Provided data:
————

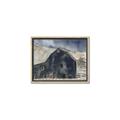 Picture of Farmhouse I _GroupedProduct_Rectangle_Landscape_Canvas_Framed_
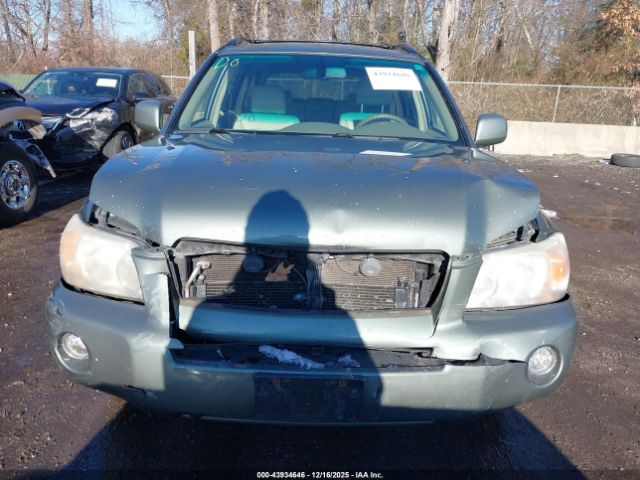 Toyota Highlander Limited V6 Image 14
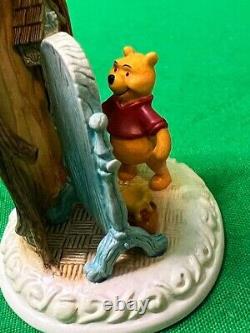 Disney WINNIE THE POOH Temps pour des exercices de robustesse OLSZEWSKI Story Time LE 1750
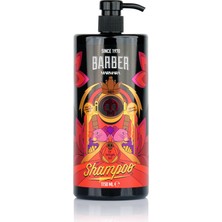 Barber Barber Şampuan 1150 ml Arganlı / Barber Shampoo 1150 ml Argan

————

Directions: What you give back must match the material above exactly, minus its pictures.

Solution to this problem:
 Picture of Farmhouse I _GroupedProduct_Rectangle_Landscape_Canvas_Framed_
 Toyota Highlander Limited V6 Image 14
 Disney WINNIE THE POOH Temps pour des exercices de robustesse OLSZEWSKI Story Time LE 1750
 Barber Barber Şampuan 1150 ml Arganlı / Barber Shampoo 1150 ml Argan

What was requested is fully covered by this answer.